Une pompe et son système de filtration pour récupérer du lithium très faiblement concentré dans des eaux saumures. Photo : Geolith.
Une pompe et son système de filtration pour récupérer du lithium très faiblement concentré dans des eaux saumures. Photo : Geolith.

Concrètement, Geolith a développé une sorte de filtre à lithium avec un très faible impact écologique. À l’aide d’une pompe, de l’eau saumure est aspirée en profondeur sous terre. Elle est ensuite filtrée à la surface pour en retirer le lithium naturellement présent puis réinjectée dans le sol. Il suffit d’un trou de quelques dizaines de centimètres de diamètre dans le sol. On pompe et on filtre pour extraire 1 % des sels présents dans l’eau. Puis on réinjecte l’eau à quelques kilomètres de là, sans jamais déstabiliser le sous-sol”, détaille Jean-Philippe Gibaud. Les premiers tests de cette nouvelle technique d’extraction du lithium 0 déchet sont prévus en Alsace, en Grande-Bretagne et au Chili.

Et côté coût ? “Nous serons forcément plus chers que l’extraction dans le désert d’Atacama au Chili mais nous serons dans la moyenne globale”, assure le PDG. Surtout, cette technique permet de créer des points d’extraction du lithium par géothermie un peu partout dans le monde. En France, il y en a dans la Vallée du Rhin, en Alsace mais aussi, en profondeur, en région parisienne. “Cette technologie permet de diversifier les sources de production et de ne plus être dépendant de seulement un ou deux pays comme c’est le cas actuellement”, note Jean-Philippe Gibaud, évoquant la Chine et le Chili comme les deux principaux extracteurs de lithium. Une solution qui permettra de limiter la dépendance énergétique, une nécessité mise en exergue actuellement avec la guerre en Ukraine et le bras de fer international avec la Russie.

Démonstration par Geolith de sa technologie d'extraction du lithium par géothermie et filtration. Photo : Geolith.
Démonstration par Geolith de sa technologie d’extraction du lithium par géothermie et filtration.

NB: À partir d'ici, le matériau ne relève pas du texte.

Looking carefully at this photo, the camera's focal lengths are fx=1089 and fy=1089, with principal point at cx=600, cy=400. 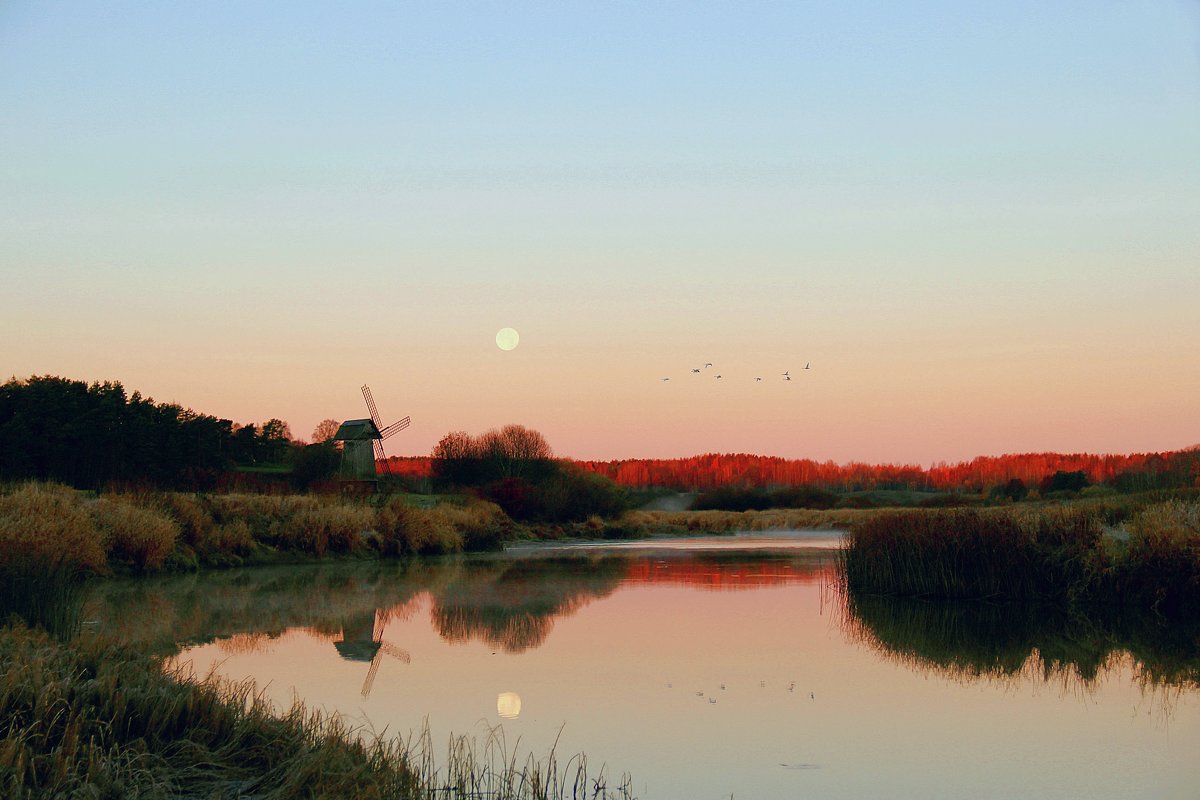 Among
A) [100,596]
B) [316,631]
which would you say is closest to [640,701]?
[316,631]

Photo : Geolith.

Batteries au lithium : un marché encore complexe

Sélectionnée pour le Grand Prix Acf Auto Tech de l’Automobile Club de France, la start-up française n’ambitionne pas de traiter directement avec les constructeurs auto mais fera partie de la chaîne complexe de fabrication des batteries pour les véhicules électriques. Geolith fournira le lithium extrait aux entreprises spécialisées dans le raffinage. Puis le lithium ainsi préparé est ensuite mis en cellules auxquelles on associe ensuite les composants électroniques puis la batterie est enfin fabriquée avant d’être livrée aux constructeurs automobiles. À chaque étape ou presque, un nouveau prestataire entre en jeu.

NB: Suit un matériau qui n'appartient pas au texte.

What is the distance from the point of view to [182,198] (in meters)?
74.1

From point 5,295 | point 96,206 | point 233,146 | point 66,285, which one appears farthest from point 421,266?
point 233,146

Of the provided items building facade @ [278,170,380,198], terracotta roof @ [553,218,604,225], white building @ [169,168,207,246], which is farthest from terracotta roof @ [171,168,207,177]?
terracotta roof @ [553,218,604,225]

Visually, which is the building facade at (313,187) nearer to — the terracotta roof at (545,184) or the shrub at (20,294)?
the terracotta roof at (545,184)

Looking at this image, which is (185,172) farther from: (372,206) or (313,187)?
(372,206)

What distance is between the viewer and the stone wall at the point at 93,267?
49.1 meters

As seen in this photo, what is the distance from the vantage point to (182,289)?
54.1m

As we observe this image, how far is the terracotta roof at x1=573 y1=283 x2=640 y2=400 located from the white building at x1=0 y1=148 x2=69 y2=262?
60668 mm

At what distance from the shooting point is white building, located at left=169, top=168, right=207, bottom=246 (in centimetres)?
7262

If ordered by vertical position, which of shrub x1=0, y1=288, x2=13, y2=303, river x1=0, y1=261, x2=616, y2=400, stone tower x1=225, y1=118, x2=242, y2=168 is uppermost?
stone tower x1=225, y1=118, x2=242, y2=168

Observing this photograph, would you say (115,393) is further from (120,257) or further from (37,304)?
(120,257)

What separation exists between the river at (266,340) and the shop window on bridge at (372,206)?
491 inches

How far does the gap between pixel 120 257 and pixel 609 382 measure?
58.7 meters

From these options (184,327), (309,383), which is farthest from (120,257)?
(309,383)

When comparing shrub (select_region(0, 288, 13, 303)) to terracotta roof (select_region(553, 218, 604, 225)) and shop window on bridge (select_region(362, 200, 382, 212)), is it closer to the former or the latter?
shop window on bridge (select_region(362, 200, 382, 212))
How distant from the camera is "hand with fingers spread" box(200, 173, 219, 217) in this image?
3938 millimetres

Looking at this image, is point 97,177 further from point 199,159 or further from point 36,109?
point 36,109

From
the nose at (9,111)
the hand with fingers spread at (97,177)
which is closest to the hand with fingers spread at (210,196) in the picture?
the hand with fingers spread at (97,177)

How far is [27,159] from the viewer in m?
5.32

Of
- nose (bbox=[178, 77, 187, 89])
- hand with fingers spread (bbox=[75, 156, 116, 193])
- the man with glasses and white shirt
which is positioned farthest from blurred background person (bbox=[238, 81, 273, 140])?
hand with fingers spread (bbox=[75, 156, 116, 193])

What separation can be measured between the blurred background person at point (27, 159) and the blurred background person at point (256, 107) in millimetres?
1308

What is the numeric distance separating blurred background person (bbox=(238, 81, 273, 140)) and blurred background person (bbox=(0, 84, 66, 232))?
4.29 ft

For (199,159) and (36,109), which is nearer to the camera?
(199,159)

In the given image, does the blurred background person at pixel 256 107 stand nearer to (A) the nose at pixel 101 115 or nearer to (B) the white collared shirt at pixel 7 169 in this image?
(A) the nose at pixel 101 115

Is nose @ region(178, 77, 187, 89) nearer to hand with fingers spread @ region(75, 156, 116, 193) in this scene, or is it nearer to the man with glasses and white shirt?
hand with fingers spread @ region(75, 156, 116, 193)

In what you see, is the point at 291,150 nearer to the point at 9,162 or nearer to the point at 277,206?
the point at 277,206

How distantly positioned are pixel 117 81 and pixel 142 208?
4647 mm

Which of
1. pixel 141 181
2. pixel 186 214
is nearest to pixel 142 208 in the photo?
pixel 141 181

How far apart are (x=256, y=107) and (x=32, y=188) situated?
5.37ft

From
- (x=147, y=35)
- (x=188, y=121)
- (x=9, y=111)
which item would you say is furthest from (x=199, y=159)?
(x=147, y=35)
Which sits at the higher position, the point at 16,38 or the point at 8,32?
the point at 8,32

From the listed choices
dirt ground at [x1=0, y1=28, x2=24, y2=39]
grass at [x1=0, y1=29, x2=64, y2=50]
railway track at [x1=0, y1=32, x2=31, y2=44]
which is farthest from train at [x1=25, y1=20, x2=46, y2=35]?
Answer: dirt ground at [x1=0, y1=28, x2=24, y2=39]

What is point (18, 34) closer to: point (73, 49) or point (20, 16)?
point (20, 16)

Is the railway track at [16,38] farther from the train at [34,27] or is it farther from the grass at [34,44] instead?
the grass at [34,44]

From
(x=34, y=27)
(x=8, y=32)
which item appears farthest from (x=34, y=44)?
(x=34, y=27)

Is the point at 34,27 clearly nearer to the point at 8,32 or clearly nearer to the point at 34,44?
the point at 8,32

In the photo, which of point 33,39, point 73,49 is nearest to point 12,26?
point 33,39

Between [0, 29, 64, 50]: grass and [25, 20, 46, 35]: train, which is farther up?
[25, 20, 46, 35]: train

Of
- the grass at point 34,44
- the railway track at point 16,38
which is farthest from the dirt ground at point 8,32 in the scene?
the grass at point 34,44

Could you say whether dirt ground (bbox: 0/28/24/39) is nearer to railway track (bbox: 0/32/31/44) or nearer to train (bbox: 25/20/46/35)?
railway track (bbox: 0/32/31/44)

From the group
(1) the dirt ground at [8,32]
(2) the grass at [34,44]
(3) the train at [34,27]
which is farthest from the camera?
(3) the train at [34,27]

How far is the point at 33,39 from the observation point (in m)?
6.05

“Nous n’avons pas pour vocation à être des producteurs de lithium, c’est un enjeu financier trop grand [entre 600 et 700 millions d’investissement]. Il y a de nombreux projets de gigafactory qui se développent un peu partout en France et en Europe, comme Verkor chez nous par exemple, qui ambitionne de fabriquer des batteries bas-carbone”, souligne le PDG de Geolith. Forte de 16 personnes, cette start-up est en phase préliminaire de lancement de son procédé avec impact limité. En 2023, elle aura créé son premier point d’extraction. Concrètement, l’installation occupe une surface équivalente à un système de traitement d’une piscine municipale, soit environ 1000 m2 avec quelques installations annexes. De quoi permettre des implantation simples et, surtout, multiples.